I want to print the following ASCII characters using the C programming language on Windows OS:
#include <stdio.h>
int main() {
for(unsigned int ch=128 ; ch < 256 ; ch++)
{
printf("%d = %c\t\t", ch, ch);
}
return 0;
}
In the output, I see that the characters are not showing up:
Output
This is probably encoding related issue.
How can I decode these characters so that they show up properly?
As some commenters have mentionned, this is not ASCII.
The ASCII table stops at 127. It does not go further. However, some other tables like the Unicode table have their entries from 0 to 127 to same as ASCII, but add more characters after that.

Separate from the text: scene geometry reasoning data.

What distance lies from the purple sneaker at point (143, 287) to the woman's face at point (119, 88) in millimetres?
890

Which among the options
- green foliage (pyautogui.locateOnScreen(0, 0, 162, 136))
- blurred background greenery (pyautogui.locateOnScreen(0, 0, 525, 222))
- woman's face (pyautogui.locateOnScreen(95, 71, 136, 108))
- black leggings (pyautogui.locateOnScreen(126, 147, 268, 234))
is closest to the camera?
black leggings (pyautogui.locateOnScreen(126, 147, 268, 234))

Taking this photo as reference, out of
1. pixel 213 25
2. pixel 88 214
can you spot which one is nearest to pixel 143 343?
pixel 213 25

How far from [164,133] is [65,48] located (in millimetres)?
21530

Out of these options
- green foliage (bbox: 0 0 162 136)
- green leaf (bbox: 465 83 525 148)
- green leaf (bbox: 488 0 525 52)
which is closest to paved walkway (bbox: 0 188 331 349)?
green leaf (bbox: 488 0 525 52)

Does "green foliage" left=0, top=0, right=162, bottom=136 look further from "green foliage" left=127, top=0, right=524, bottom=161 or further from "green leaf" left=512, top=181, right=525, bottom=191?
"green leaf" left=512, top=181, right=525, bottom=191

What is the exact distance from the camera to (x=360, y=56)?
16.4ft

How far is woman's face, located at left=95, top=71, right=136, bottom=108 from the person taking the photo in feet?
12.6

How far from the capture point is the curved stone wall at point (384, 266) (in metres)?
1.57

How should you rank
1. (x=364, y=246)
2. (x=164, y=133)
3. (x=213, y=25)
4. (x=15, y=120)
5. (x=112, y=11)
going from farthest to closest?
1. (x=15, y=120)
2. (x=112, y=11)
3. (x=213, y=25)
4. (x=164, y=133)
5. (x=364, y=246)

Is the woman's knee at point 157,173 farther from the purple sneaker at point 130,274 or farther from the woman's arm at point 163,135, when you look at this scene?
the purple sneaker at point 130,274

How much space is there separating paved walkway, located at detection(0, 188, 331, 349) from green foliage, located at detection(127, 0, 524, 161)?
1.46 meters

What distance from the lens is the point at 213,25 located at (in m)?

So to give you a clear answer on "How can I print ASCII characters from 128 to 255?", you can't, as there are no ASCII characters with a value above 127.
Now, let's dive into that table you have sent.
During the DOS era, Before Unicode launched in 1991, Microsoft came up with what is known as Code Pages
.
Unlike what seems to be a quite popular belief, "Extended ASCII" is not an extension for the ASCII table, but a FAMILLY of extensions for the ASCII table.
Code Pages are ASCII extensions, and so is Unicode. They are character tables that start with ASCII and then add their own entries.
Back on the history lesson, different iterations of Microsoft Code Pages exist. If you open the Command Prompt (cmd) on Windows and enter the command chcp
, it will print the current encoding that it is in. By default, on Windows 10 and 11, it is Code Page 850.
The ASCII extension table you have sent is Code Page 437, as pointed out by commenter @ikegami.
Unlike Unicode, Code Pages aren't universal, they are Windows-only. Modern systems use UTF-8, which is a way to encode Unicode characters in a way that minimizes the required amount of bytes for your text.
I'll avoid giving you false hopes right away: there are no universal way to make work the encoding you are asking for. You can get it to work on Windows only, and only if you use Windows' Command Prompt (or PowerShell).
In the screenshot you sent, you are clearly using a Linux-like terminal or shell. You will never be able to get the ASCII extension you asked for in this kind of thing.
By entering the chcp 437
command, it will change your Command Prompt's encoding to Code Page 437.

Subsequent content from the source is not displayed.